--- START ---

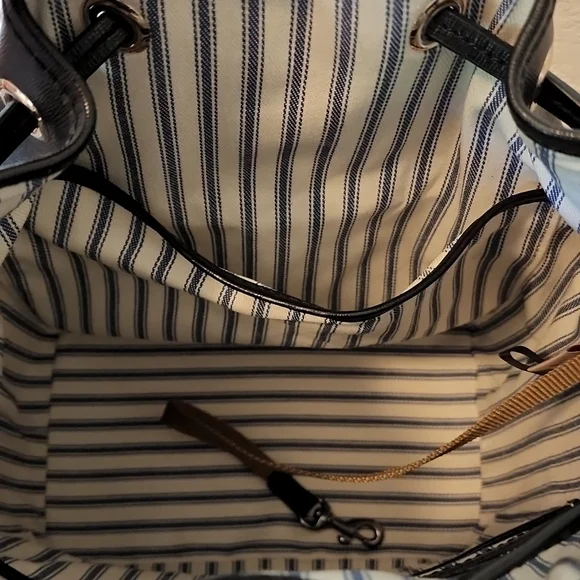 Dooney and Bourke pc bag set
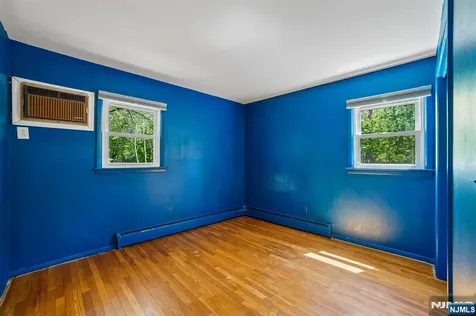 75 W Oakland Avenue Oakland NJ 07436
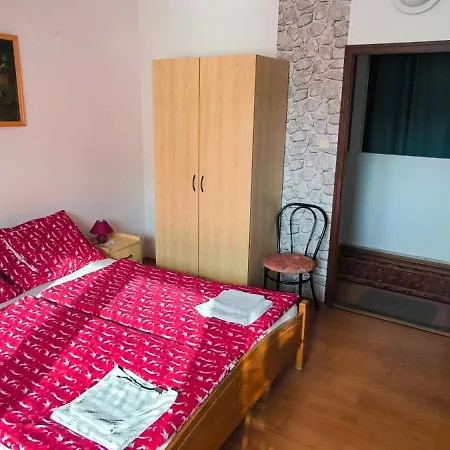 Bed & Breakfast Joos *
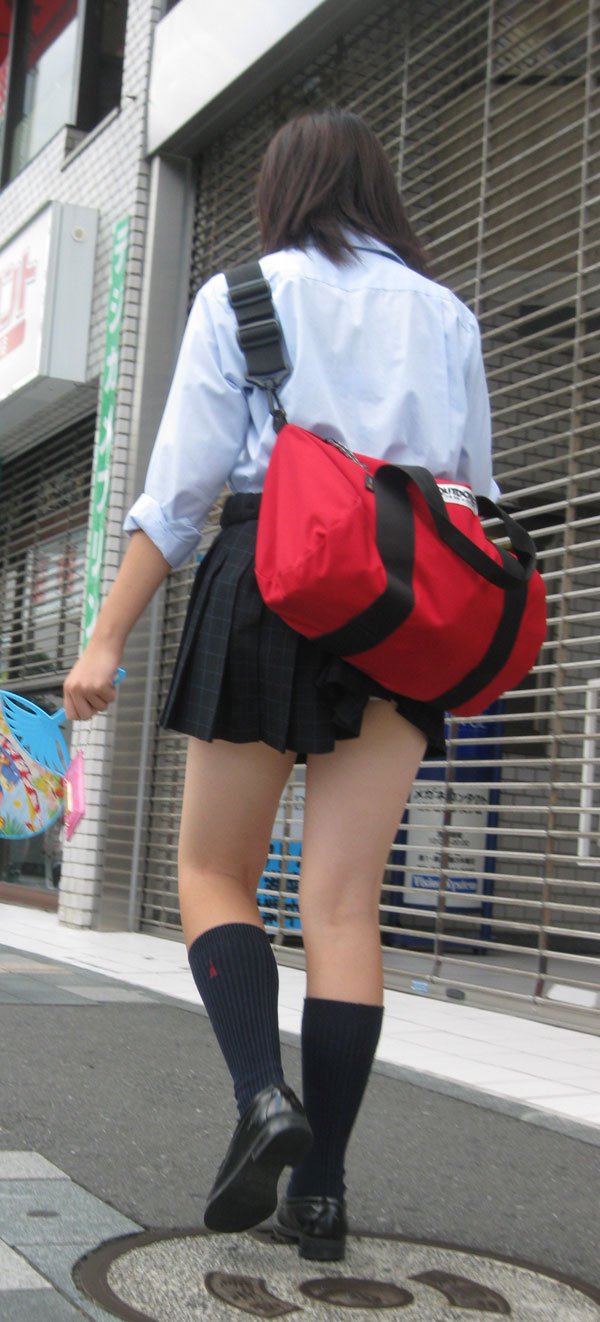 女子校生のスカートが何かに引っ掛かってパンチラしている画像007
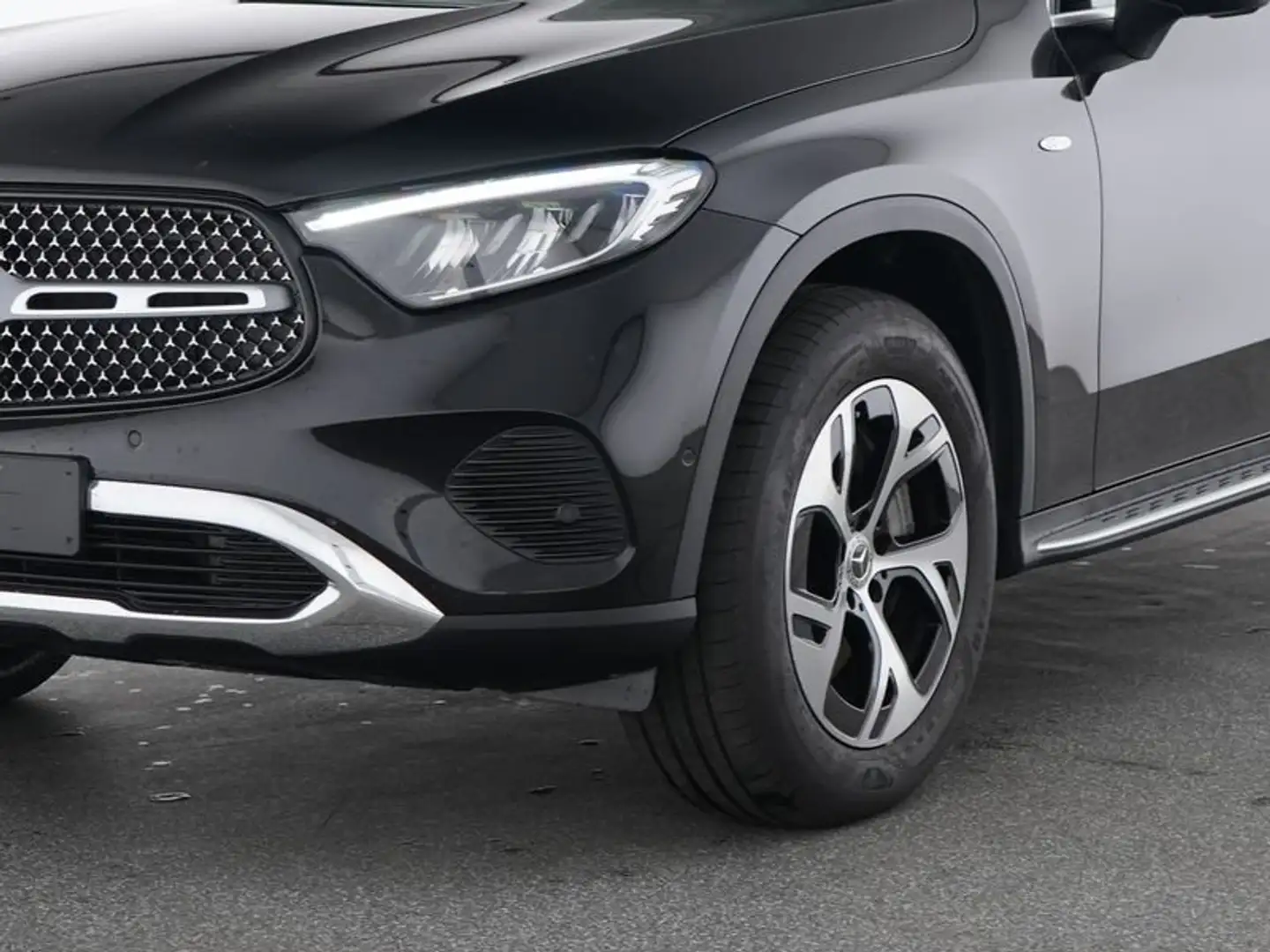 Mercedes-Benz GLC 300 de 4M Avantgarde+ Pano/AHK/MBUX/Ambi/Kam Schwarz - 2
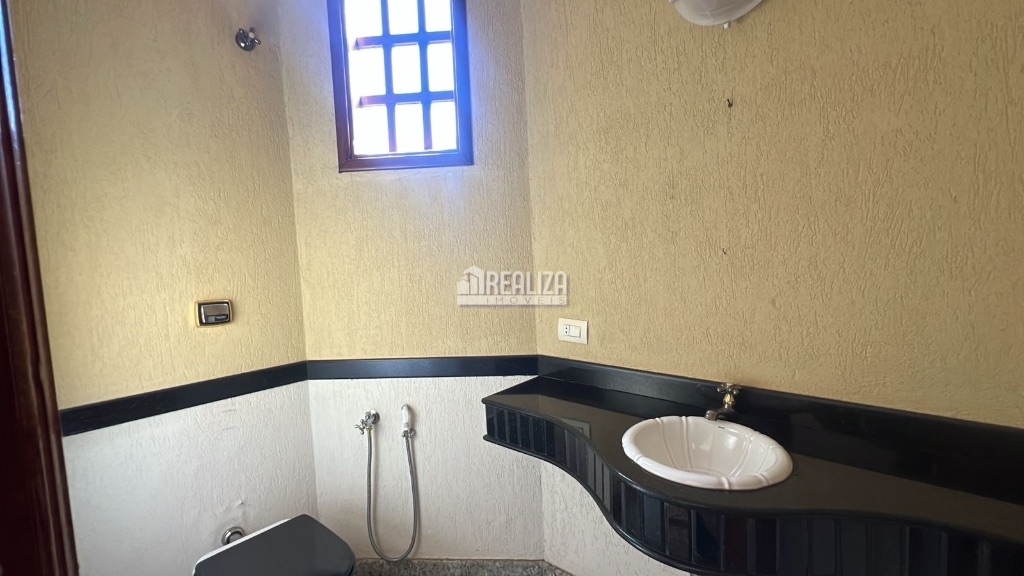 Casa, 4 quartos, 252 m² - Foto 16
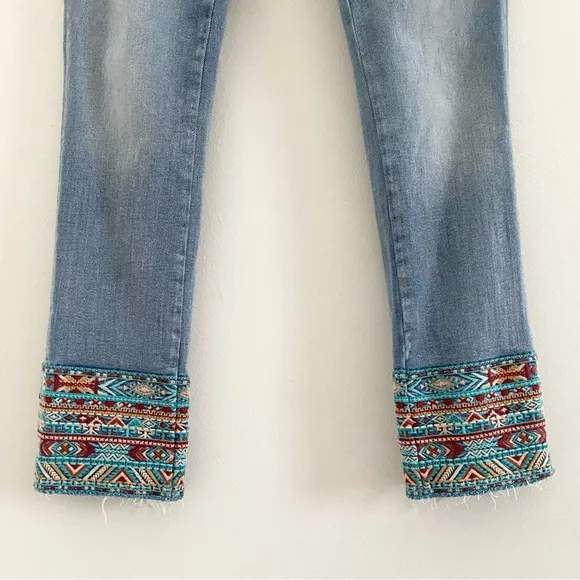 Driftwood Colette Embroidered Southwest Raw Hem Mid-Rise Slim Straight Jeans 25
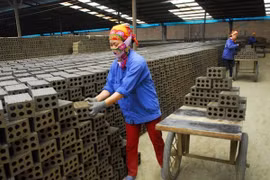 Small- and medium-sized enterprises need more attention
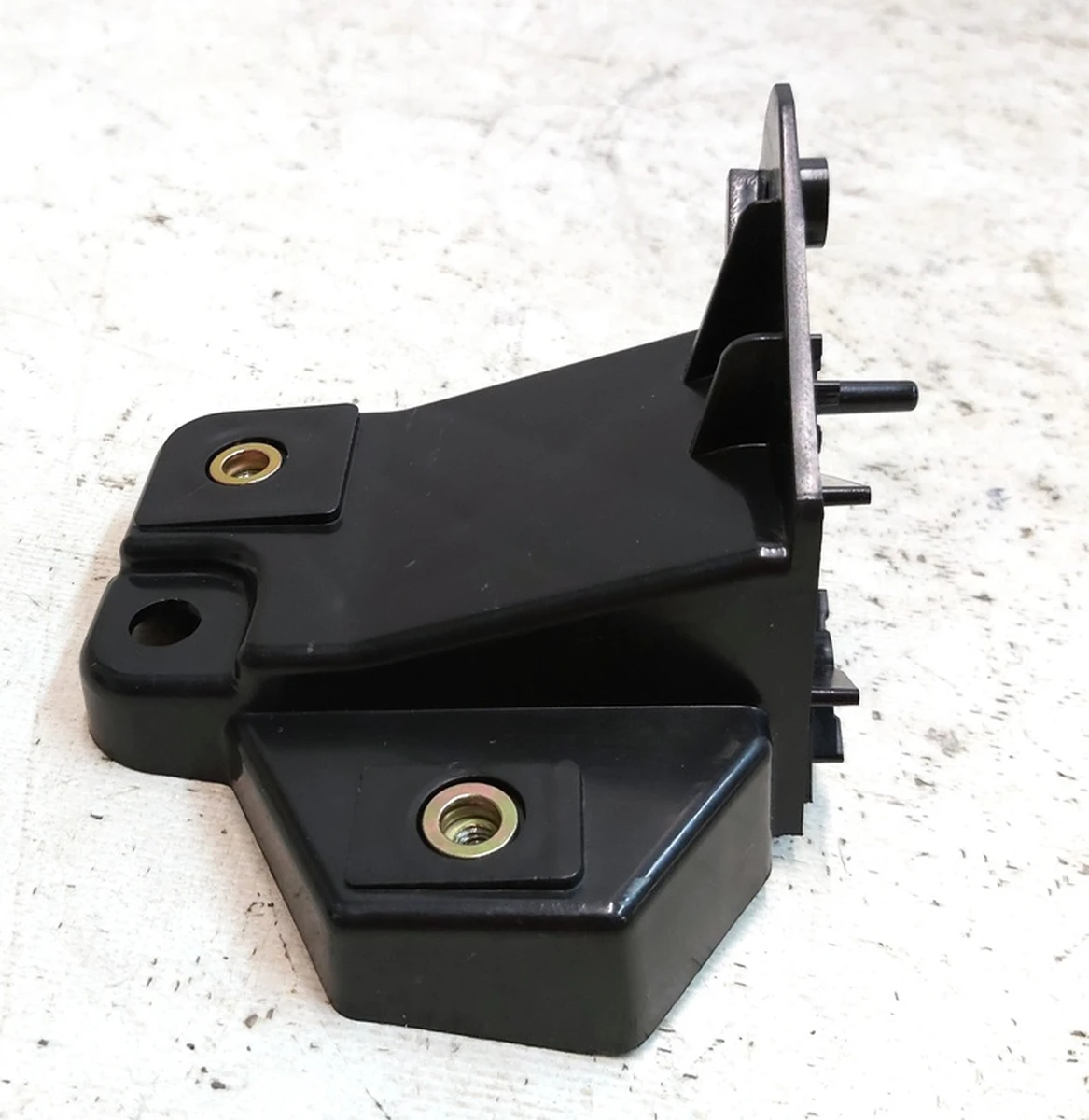 9 Кріплення переднього бампера праве внутрішнє Tesla model S REST 1061332-00-B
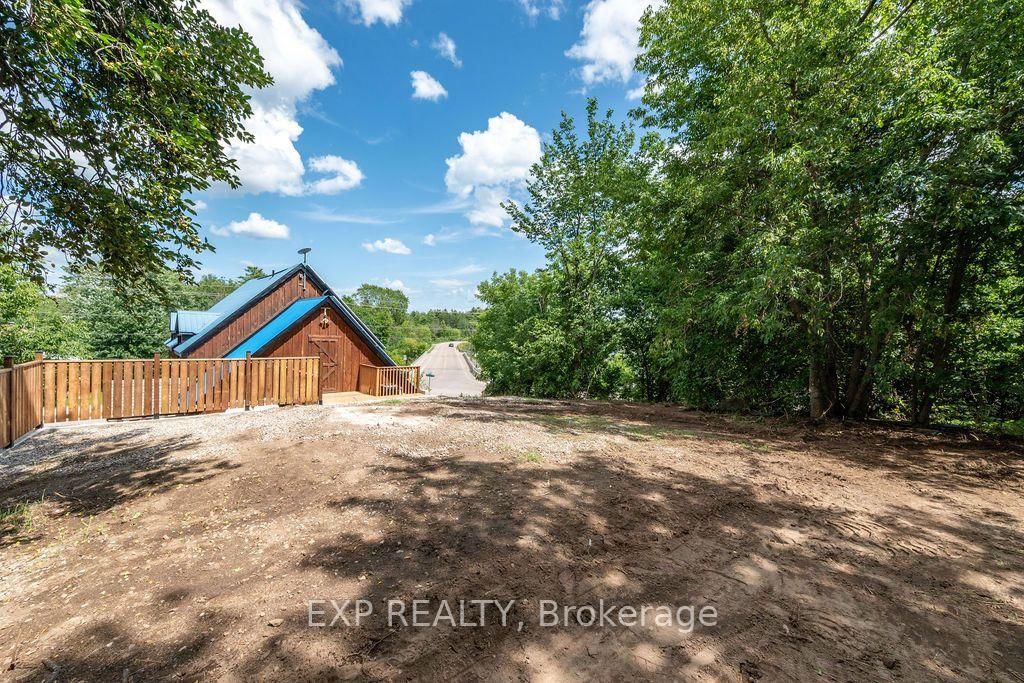 12595 Lanark Road • Calabogie, ON photo 11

--- END ---

Task item
If a record above contains a picture, leave the picture out and transcribe everything else exactly.

Exercise output
 Dooney and Bourke pc bag set
 75 W Oakland Avenue Oakland NJ 07436
 Bed & Breakfast Joos *
 女子校生のスカートが何かに引っ掛かってパンチラしている画像007
 Mercedes-Benz GLC 300 de 4M Avantgarde+ Pano/AHK/MBUX/Ambi/Kam Schwarz - 2
 Casa, 4 quartos, 252 m² - Foto 16
 Driftwood Colette Embroidered Southwest Raw Hem Mid-Rise Slim Straight Jeans 25
 Small- and medium-sized enterprises need more attention
 9 Кріплення переднього бампера праве внутрішнє Tesla model S REST 1061332-00-B
 12595 Lanark Road • Calabogie, ON photo 11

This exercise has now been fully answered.